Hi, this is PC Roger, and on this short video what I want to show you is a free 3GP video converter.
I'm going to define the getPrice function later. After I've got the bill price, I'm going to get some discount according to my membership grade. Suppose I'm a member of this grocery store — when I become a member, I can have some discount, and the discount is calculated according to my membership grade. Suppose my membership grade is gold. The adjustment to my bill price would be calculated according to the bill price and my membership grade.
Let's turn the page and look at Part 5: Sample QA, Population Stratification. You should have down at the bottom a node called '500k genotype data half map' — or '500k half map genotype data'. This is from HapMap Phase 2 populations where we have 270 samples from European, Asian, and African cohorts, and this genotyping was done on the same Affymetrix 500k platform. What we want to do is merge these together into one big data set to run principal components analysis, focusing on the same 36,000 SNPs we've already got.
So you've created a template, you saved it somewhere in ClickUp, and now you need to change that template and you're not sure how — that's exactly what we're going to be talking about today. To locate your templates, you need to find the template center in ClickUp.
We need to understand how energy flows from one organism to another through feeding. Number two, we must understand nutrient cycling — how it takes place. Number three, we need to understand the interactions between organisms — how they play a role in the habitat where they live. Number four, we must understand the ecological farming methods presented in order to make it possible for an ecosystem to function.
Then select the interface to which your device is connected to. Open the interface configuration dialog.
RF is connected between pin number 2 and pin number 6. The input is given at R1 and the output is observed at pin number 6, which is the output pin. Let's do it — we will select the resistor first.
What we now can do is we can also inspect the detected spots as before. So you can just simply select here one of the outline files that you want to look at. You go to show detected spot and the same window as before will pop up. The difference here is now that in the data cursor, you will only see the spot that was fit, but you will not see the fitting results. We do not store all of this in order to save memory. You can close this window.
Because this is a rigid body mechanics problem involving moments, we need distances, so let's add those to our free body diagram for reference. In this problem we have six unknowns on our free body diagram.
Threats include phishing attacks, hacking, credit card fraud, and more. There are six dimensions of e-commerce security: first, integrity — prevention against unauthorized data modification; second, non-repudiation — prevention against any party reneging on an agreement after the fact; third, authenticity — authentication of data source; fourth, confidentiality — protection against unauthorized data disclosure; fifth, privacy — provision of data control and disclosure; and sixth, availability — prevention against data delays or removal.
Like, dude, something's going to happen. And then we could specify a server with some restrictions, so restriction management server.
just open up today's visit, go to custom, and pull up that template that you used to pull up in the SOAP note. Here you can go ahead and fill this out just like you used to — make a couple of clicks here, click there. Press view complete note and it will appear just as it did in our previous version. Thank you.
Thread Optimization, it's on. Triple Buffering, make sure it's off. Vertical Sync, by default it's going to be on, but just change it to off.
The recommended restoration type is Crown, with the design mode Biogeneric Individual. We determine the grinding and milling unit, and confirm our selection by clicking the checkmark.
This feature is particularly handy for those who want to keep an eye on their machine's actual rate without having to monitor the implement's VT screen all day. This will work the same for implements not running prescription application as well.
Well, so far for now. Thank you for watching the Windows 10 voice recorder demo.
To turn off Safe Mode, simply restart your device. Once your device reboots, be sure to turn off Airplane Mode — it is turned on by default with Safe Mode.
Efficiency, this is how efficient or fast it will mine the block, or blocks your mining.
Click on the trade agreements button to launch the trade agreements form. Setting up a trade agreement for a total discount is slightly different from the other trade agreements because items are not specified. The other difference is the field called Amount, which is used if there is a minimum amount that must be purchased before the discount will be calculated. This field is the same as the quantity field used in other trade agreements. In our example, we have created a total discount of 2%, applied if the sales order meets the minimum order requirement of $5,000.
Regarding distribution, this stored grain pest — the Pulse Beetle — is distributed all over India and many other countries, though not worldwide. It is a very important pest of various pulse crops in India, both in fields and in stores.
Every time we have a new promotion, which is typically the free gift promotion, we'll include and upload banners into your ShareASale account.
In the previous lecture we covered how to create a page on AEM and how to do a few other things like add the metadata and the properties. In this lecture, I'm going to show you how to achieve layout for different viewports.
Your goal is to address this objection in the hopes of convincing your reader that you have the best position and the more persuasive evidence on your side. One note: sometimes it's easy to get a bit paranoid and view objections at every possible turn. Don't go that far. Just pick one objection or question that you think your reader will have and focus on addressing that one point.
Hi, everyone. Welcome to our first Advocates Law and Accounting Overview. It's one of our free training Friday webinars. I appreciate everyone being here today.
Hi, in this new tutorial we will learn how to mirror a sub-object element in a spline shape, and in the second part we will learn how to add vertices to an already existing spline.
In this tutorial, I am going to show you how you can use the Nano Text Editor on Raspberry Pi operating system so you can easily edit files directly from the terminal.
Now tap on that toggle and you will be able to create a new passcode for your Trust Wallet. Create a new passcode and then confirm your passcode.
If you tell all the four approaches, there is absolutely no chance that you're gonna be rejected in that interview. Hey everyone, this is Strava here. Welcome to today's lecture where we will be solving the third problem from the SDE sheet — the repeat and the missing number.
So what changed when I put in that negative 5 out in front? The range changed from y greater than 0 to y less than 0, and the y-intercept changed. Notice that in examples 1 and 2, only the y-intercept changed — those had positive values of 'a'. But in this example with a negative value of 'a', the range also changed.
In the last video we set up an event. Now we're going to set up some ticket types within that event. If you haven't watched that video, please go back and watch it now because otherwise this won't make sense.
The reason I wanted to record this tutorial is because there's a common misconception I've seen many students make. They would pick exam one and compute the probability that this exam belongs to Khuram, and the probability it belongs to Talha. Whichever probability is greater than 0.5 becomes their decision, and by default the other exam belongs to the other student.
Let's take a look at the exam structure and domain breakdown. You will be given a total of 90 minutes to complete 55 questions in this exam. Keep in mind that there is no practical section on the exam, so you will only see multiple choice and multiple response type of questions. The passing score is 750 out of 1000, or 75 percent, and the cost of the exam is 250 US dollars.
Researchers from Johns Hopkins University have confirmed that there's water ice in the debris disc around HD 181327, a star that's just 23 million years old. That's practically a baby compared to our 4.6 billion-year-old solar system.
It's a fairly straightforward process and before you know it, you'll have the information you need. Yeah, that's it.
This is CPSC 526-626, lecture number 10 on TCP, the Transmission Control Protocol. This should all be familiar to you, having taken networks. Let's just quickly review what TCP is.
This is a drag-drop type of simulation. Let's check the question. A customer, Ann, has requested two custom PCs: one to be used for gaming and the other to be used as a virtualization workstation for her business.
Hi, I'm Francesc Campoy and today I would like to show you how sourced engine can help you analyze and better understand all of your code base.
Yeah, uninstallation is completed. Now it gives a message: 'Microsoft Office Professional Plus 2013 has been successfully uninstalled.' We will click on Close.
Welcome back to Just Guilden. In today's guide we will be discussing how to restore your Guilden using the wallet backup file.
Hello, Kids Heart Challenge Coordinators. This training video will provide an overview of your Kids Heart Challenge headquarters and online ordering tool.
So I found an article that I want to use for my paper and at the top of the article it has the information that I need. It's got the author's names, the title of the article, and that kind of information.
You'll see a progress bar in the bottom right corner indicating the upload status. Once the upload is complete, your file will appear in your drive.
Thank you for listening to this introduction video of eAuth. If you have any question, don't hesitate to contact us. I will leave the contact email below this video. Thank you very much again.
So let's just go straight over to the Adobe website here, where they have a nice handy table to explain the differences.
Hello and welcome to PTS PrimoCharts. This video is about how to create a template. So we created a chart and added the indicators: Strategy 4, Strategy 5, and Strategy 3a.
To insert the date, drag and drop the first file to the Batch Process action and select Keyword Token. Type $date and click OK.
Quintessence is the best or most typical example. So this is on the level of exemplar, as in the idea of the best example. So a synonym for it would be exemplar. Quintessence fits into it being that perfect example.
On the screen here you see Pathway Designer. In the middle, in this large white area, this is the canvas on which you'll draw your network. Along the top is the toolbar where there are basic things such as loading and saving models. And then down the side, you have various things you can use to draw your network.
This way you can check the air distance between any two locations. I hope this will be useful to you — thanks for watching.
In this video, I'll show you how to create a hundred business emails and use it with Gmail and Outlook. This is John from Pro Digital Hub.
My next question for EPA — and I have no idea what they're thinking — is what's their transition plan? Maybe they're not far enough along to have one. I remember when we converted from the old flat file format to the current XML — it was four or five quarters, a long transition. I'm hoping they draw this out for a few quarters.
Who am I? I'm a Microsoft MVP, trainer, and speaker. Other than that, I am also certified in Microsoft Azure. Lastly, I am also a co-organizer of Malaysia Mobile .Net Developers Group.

#####

Begin with the first line of the data above and, please, print each line exactly until you have printed the line containing "I'm going to define"; print nothing else.

_Answer to the problem_.
Hi, this is PC Roger, and on this short video what I want to show you is a free 3GP video converter.
I'm going to define the getPrice function later. After I've got the bill price, I'm going to get some discount according to my membership grade. Suppose I'm a member of this grocery store — when I become a member, I can have some discount, and the discount is calculated according to my membership grade. Suppose my membership grade is gold. The adjustment to my bill price would be calculated according to the bill price and my membership grade.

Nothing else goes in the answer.